Notice the difference. Both answers are essentially the same situation. Founder wants money and eventually wants out. But the first one sounds like retirement. The second sounds like ambition. Buyers pay premium prices for ambition.
This is not lying. It’s framing. And Peggy is very clear about this. Her job is to get Alex the highest possible price with the largest percentage up front. For that to work, the buyer needs to feel motivated. And motivated buyers need to believe the founder is genuinely excited about what comes next.
The Second Chance
Alex gets another shot. Print Technology Group, the third largest provider of color printers in the US, comes along. Marcus Knightsbridge, their head of business development, puts Alex through a four-hour management presentation. Endless questions about sales cycles, processes, everything.
Then during lunch, when Peggy steps away to the restroom, Marcus asks the same question. “Out of curiosity, why do you want to sell?”
This time Alex is ready.
“We’ve proven the model can work in one city. I’m at a stage of my life personally that I’d like to create some liquidity for the value I’ve created so far, and I’d like to find a partner that can help us replicate the model in other cities and allow me to share in some of the future growth.”
He delivers it without stuttering. Without sounding too rehearsed. His only regret is that Peggy wasn’t there to see it.
The Private Equity Option (and Why Alex Says No)
Meanwhile, the business is doing great. Revenue for the first six months is over $2.4 million. They’ve already put $450,000 on the bottom line and are on track to exceed $1 million in pretax profit for the year.
But Print Technology Group goes quiet. Two weeks of silence after a great meeting. Peggy gets worried and presents a backup plan: Springboard Private Capital Partners, a private equity firm.
The deal would work like this. Springboard buys half the company at three to four times pretax profit. They inject about $1 million into operations. Alex stays on for five more years.
Alex shuts it down immediately. The valuation is too low. The company already generates enough cash to reinvest on its own. And staying on for five years is a nonstarter.

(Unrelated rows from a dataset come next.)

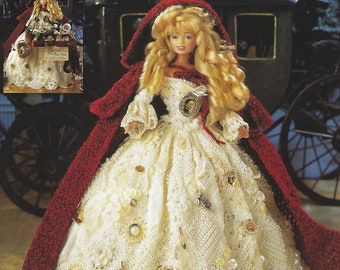 crochet pattern PDF-Christmas Fashion doll Barbie gown crochet vintage pattern-Crochet blueprint-Doll dress pattern-Christmas gift for her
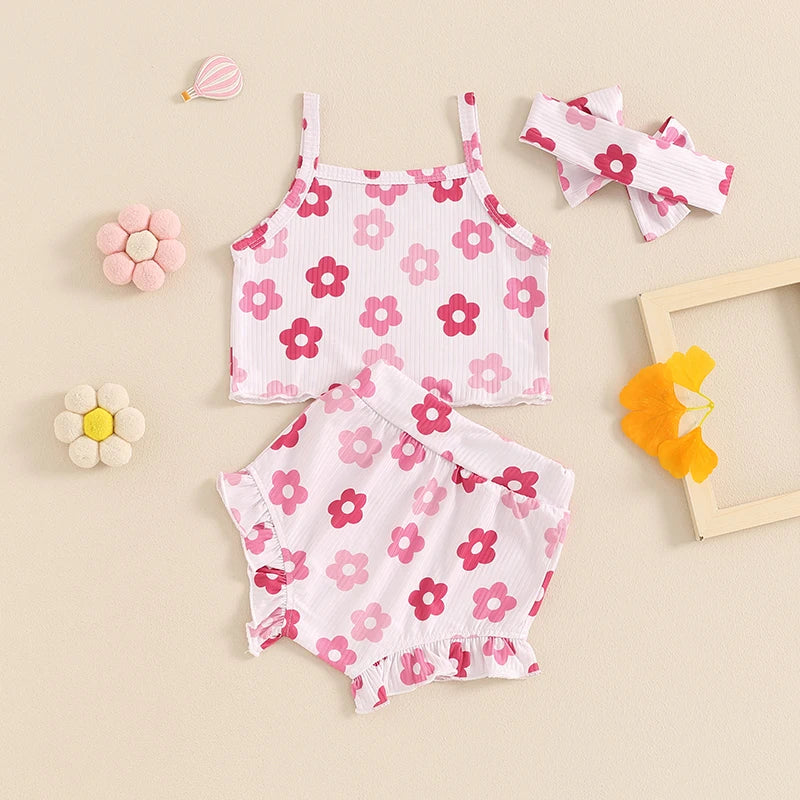 Summer Baby Girls Floral Sleeveless Clothes Set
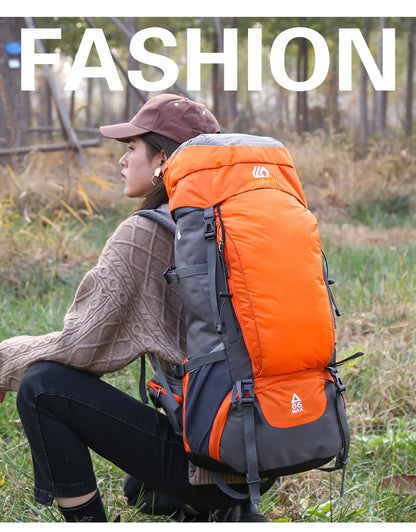 65L Large Capacity Waterproof Camping Backpack - Ideal for Hiking, Climbing, and Outdoor Adventures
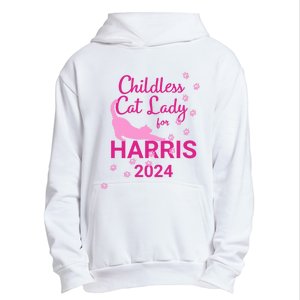 Childless Cat Lady For Harris 2024 Cat Lovers Kamala Harris 2024 Urban Pullover Hoodie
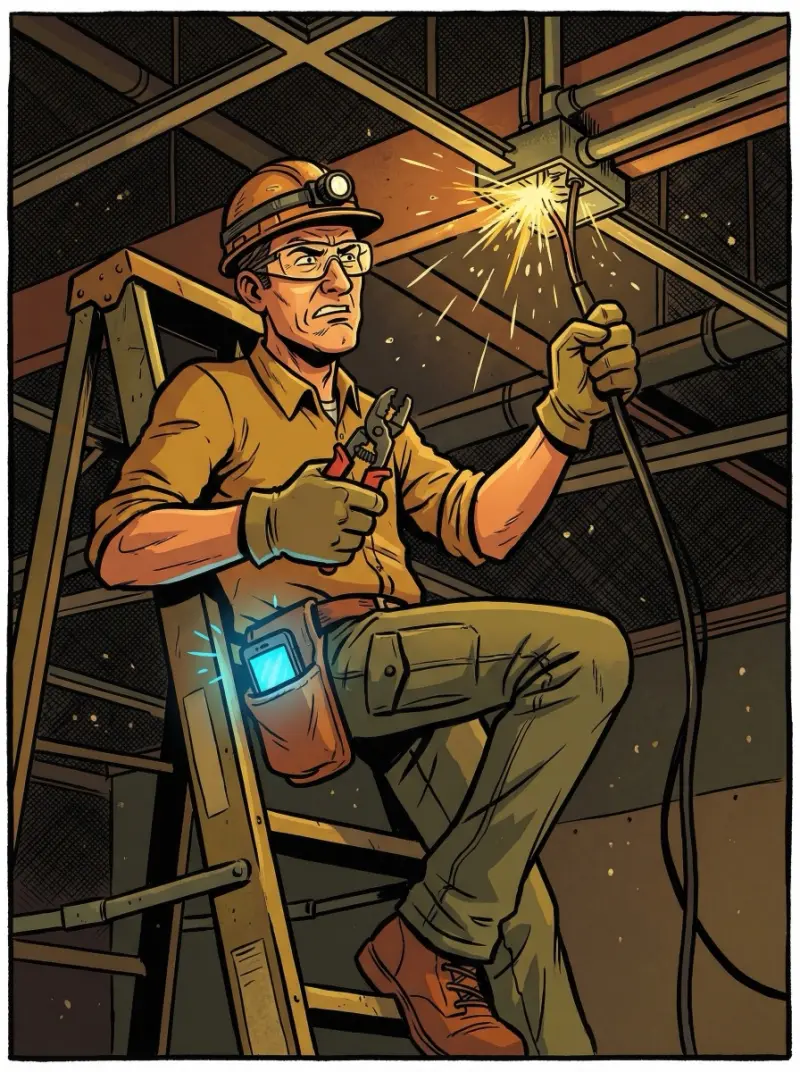 Electrician on a ladder with sparks flying, phone buzzing in his tool belt
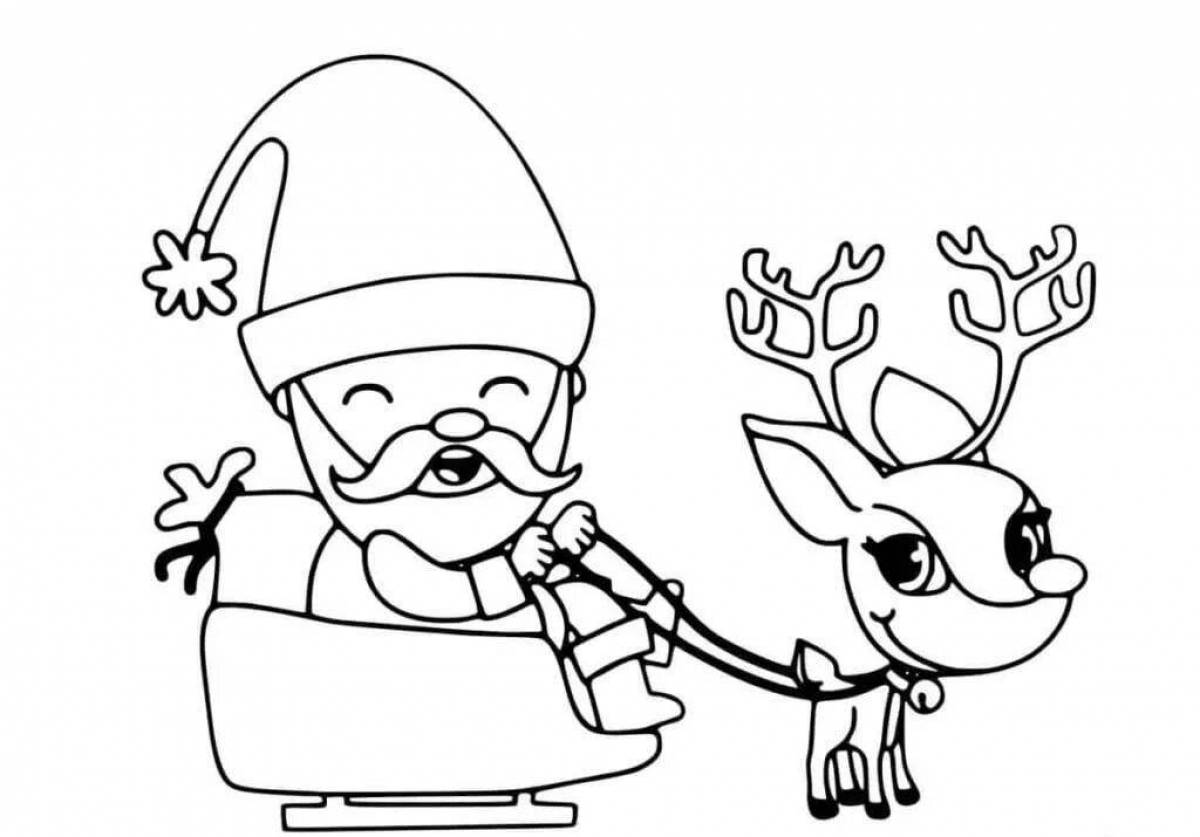 Glorious santa claus and reindeer coloring book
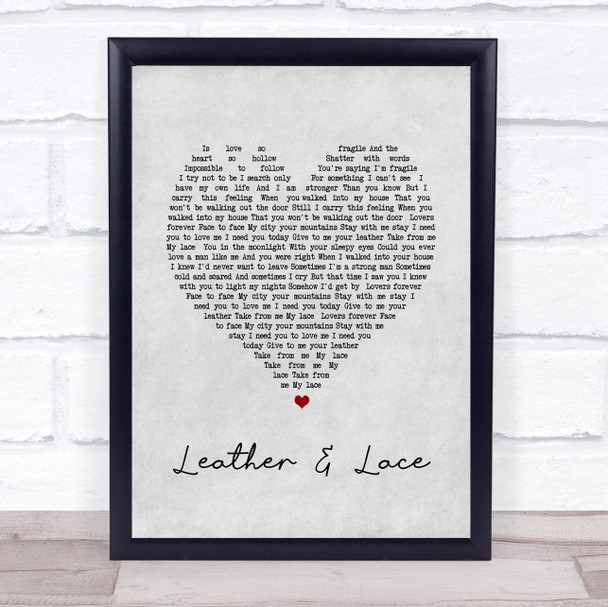 Stevie Nicks Leather And Lace Grey Heart Song Lyric Music Wall Art Print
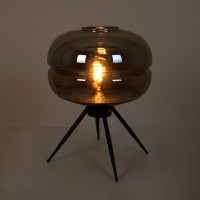 GLOBOSTAR® JAVAN 00738 Μοντέρνο Επιτραπέζιο Φωτιστικό Πορτατίφ με Ντουί 1 x E27 AC 220-240V IP20 - Μαύρο Φιμέ & Μαύρο - Μ30 x Π30 x Y19cm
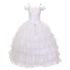 Rainkids Big Girls White Off Shoulder Sparkly Ruffle First Communion Dress 7-20 - SophiasStyle.com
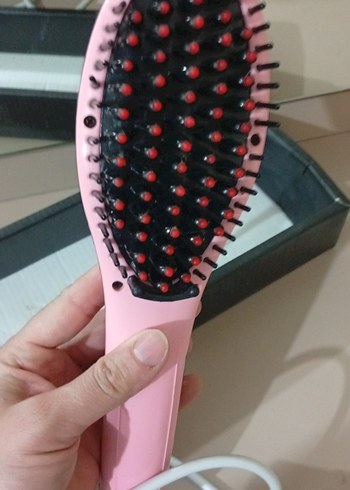 Pembe Elektrikli Saç Düzleştirici Tarak - Görsel 3
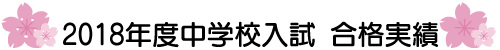 2018年度中学校入試 合格実績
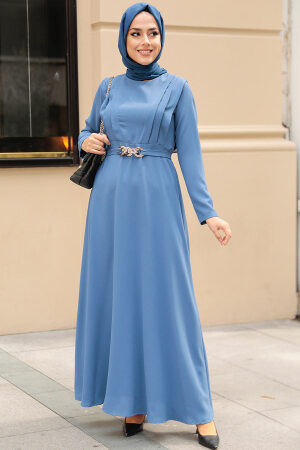 İndigo Blue Hijab Dress 3426IM - 1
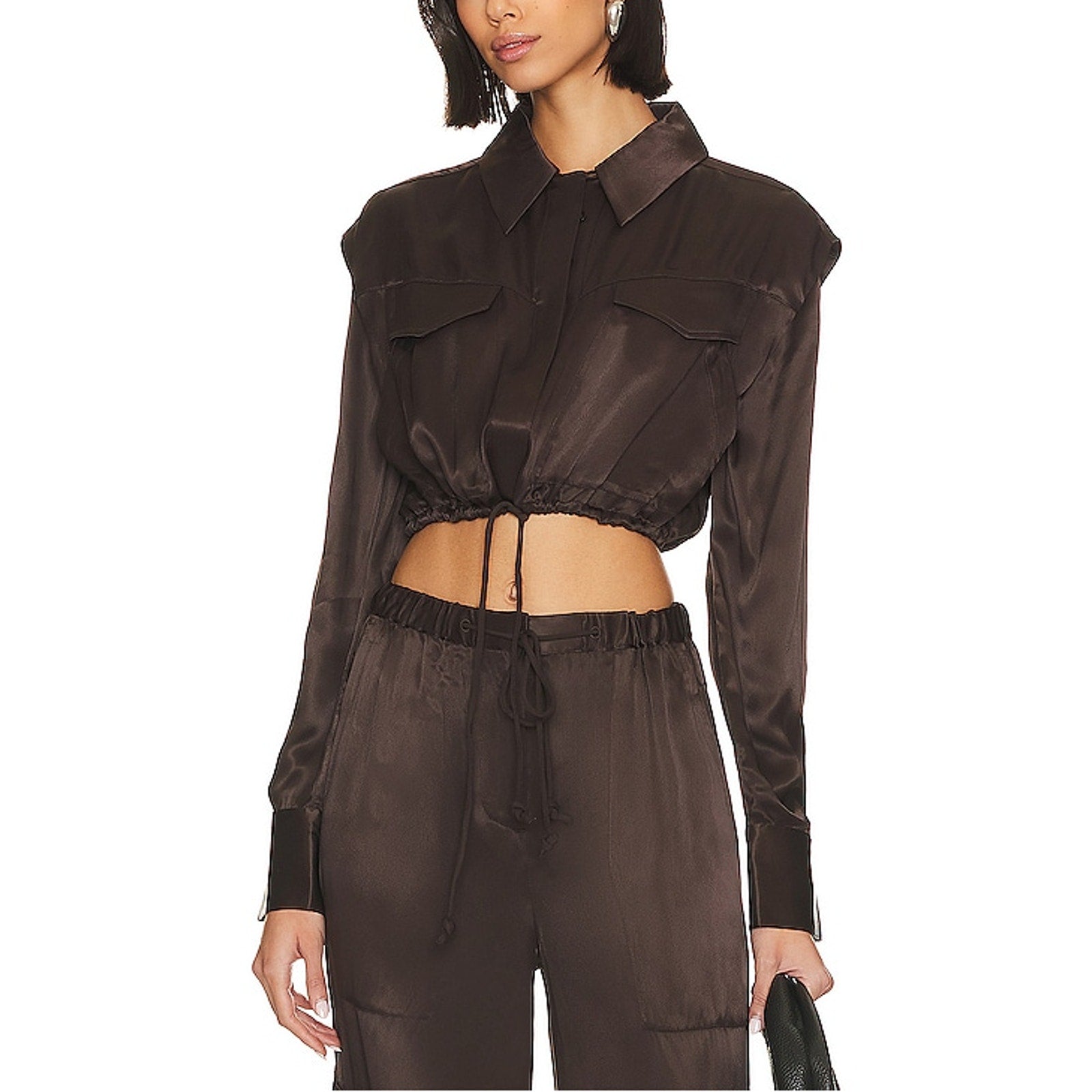 L'Academie 'Jace' Brown Satin Blouse Size XS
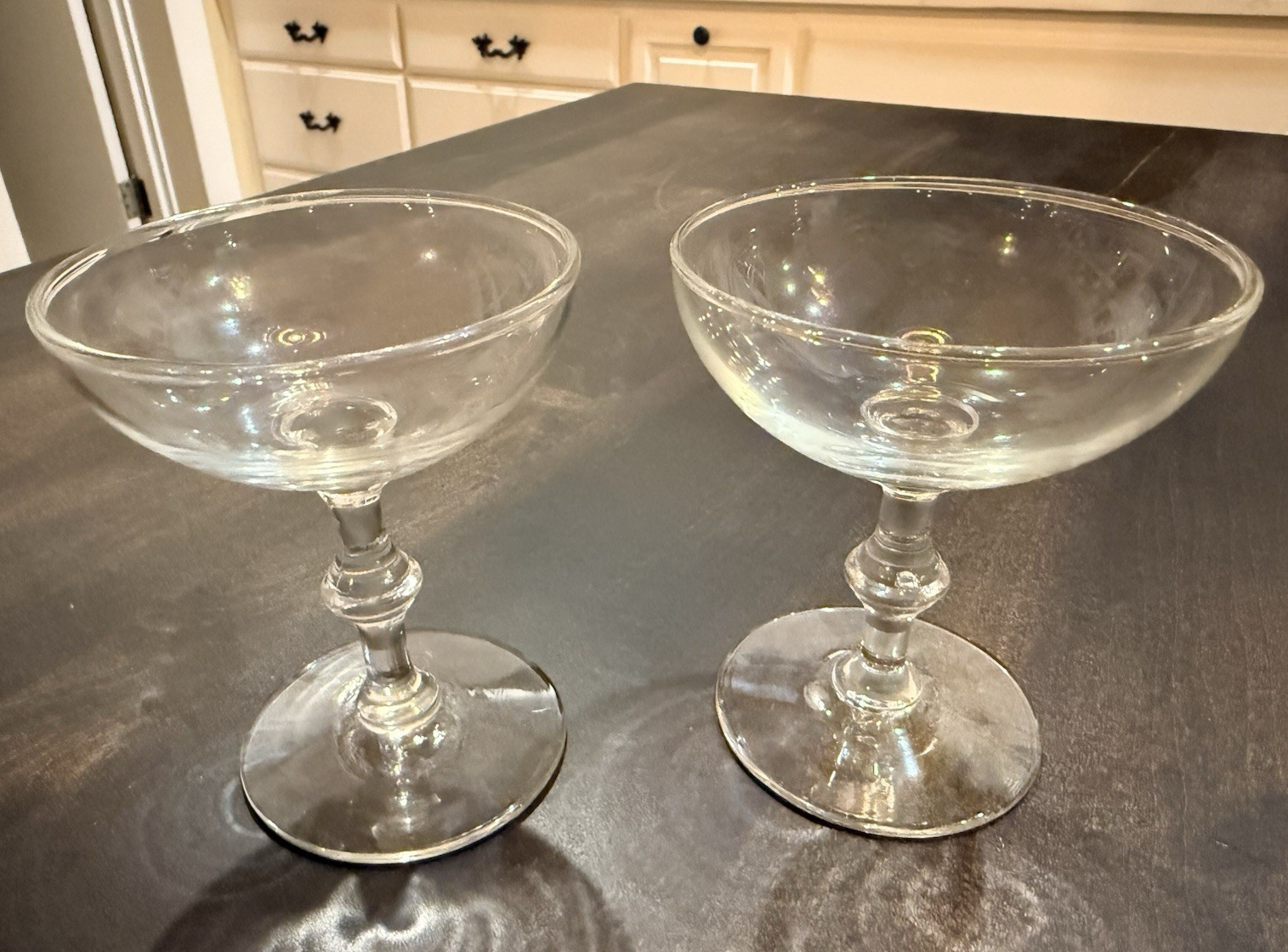 VTG 2 Champagne Coupes Clear MCM Retro Barware Cocktail Dessert Sherbet Glasses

He didn’t go through all this work to build a sellable business just to be locked in for half a decade.
Peggy takes it well. “My job is to bring you all of the options, that’s all.”
My Take on This Chapter
I’ve been on the receiving end of “the question” in job interviews many times. “Why do you want to leave your current position?” Same exact dynamic. If you say “I’m tired and want something easier,” nobody will hire you. Even if that’s the honest truth.
What struck me about this chapter is how Alex, a smart guy who built a million-dollar business, got blindsided by the most predictable question in the whole process. He prepared data and numbers but forgot about the human side of the transaction.
Buyers are people. They need to feel good about the deal, not just see good numbers on a spreadsheet. They need to believe the founder isn’t running away from a disaster. They need a story about the future, not just a report on the past.
In my years in IT, I saw this pattern constantly. The best consultants didn’t just deliver good technical work. They sold a vision of where things were going next. The ones who said “here’s what you asked for, I’m done, goodbye” never got called back.
The private equity subplot is interesting too. It shows that not all money is the same. Getting half the value at a lower multiple while being locked in for five years is not the same as getting full value from a strategic buyer who sees growth potential. Alex is right to wait for the right deal, even when the silence from Print Technology Group is making everyone nervous.
Sometimes the best move in a negotiation is patience. And a rehearsed answer to an obvious question.